Respectfully submitted,
Jan Lee - Sinotique 19 Mott St. NYC 10013, Hamilton Madison House Board
Jeanie Chin , CCRC, Chatham Towers Board
Danny Chen Chatham Green, Board
Toby Turkel, Pres. of Chatham Towers

Tuesday, December 02, 2008

Chinatown Working Group

The Chinatown Working Group met last night. I attended with qualms but left mostly encouraged.

Rather than narrow its focus and hand-pick its membership to speed the process along, the CWG has opted for principles of openness, inclusion and breadth. Narrow focus and selectivity are conducive to speed but also to controversy, as we saw in the EV/LES rezoning. So far, the CWG has not been unwieldy or slow.

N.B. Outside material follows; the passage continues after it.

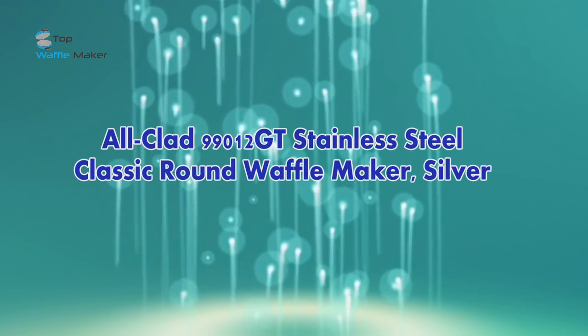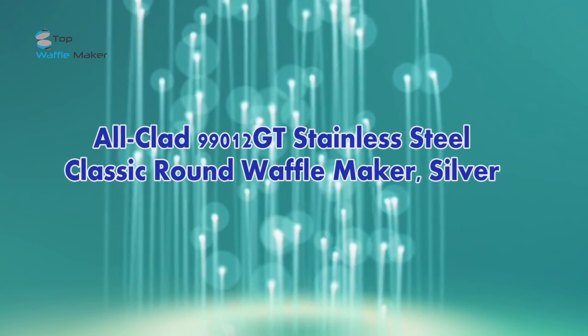All-Clad 99012GT Stainless Steel Classic Round Waffle Maker, Silver.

The Coalition to Protect Chinatown and the LES, the group that led the opposition to the EV/LES rezoning, is not attending the CWG meetings, but its influence is felt in the mission statement and the orientation of the Group and even the fact of its existence: I doubt this Working Group would have been convened at this time and in this way were it not for the Coalition's vigorous, organized and highly public opposition to the EV/LES rezoning.

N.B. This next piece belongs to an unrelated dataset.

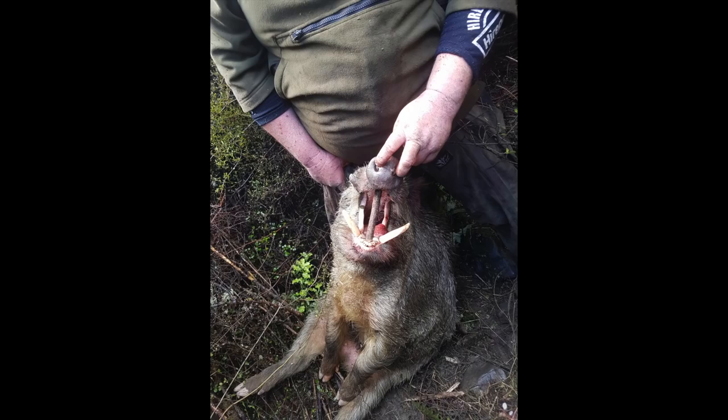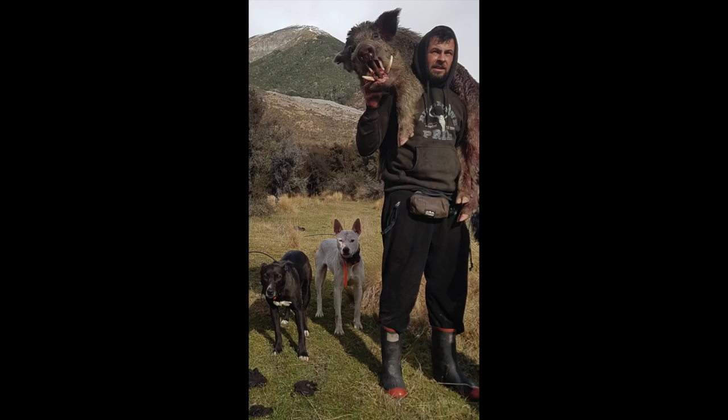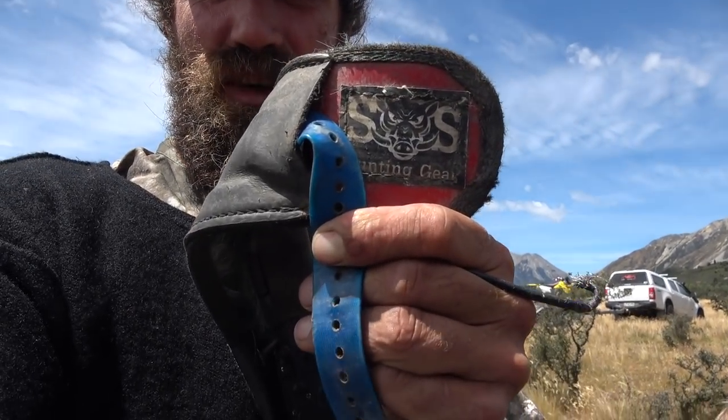So I was given this to try out a bit over a year ago, year and a half ago. The fellas at SOS sent them, and I don't really pig hunt but Rhys is a mad pig hunter, so I figured I'd give them to Rhys to try. I don't review anything unless I thrash the shit out of it, and Rhys has thrashed the shit out of it and gives it the big thumbs up.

Judging by their proposed mission and governance structure, the Chinatown Working Group is characterized by

Openness
All Chinatown groups are asked to participate. Organizations alone will be allowed a vote in the Group, but individuals are being encouraged to form organizations of their own in order to broaden the voting membership and representation at the ground level. My initial concern that developers' interests would insinuate themselves into the proceedings are somewhat allayed by this structure. And encouraging the formation of local grassroots organizations is a good idea in itself.

Outreach
Such openness requires broad and equitable outreach, which appears to be a Group priority. CB1 and CB2 have been advertising meetings for some time. I expect CB3 will soon join CB1 and CB2 in announcing the meetings, since most of Chinatown is in CB3.

Inclusive vision
The Group is looking at the broadest implications of its work. Whatever the final boundaries of the area of study, the Group is already looking beyond the narrowest confines of current Chinatown both geographically and temporally with a long-sighted view towards the future.

Breadth of scope
The Group will not confine itself to zoning alone, but will consider comprehensive planning. From their draft mission statement: "truly affordable housing, cultural and historic preservation, economic revitalization, open space. public infrastructure, residential and business displacement, and zoning."

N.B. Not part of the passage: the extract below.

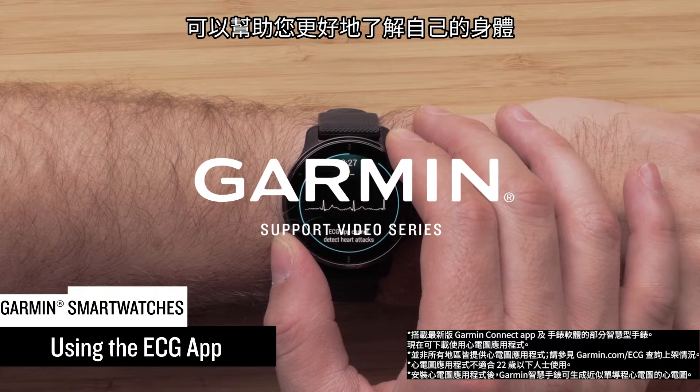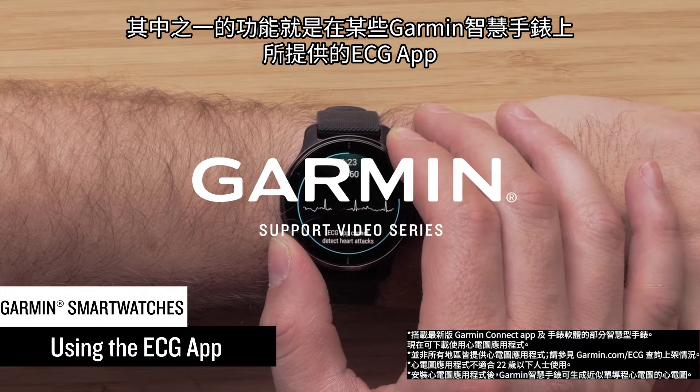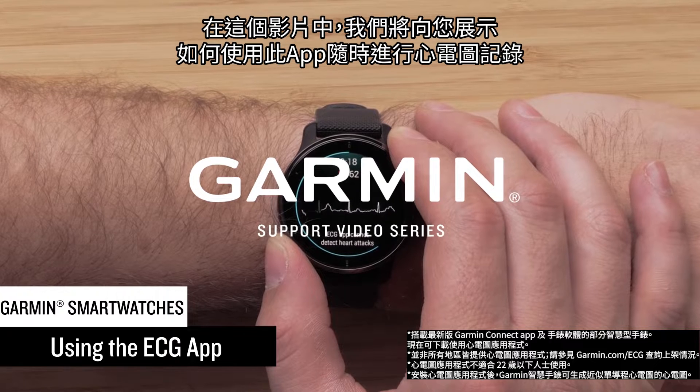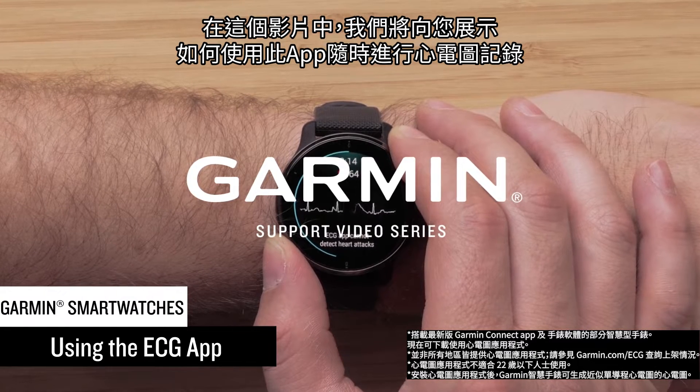Garmin smartwatches have many features that can help you better understand your body. One of those features is the ECG app, available on select Garmin smartwatches. In this video we'll show you how to use the app to take an ECG recording anytime you like.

(I expressed my concern that "economic revitalization" not be made a cover for outside commercial or development interests to displace Chinatown's existing commerce and residents. The words "commercial stability" may be added to the mission alongside "economic revitalization." The desire to bring manufacturing into Chinatown -- an important basis for community sustainability unfortunately disappearing from the city -- may also find more explicit expression in the mission statement.)

Participation
So far, I see a well-run Group with plenty of talent. All the local electeds have been participating even though they will not have a vote under the proposed governance structure. Community groups are being offered a voting voice in order to encourage broad and regular participation. But participation is a political commitment and many attending are still wary. I imagine they will want to see the Group's direction before throwing in their lot with this initiative. They may prefer to attend as critics than participate only to become targets of criticism. It'll be a challenge.

The Group leadership wants to begin working on real issues as soon as it can, attracting participation as it demonstrates is goals and effectiveness. It also hopes to attract participation by its openness. Both strategies are well taken.

The Group meets again Jan 5 to vote on its mission statement and governance structure. Meanwhile it is considering the boundaries of its "study area."

They are looking for a regular meeting place that can seat at least sixty. If you have any leads, let me know and I'll pass it on. Meetings are held on the first Monday of the month, 4-6pm.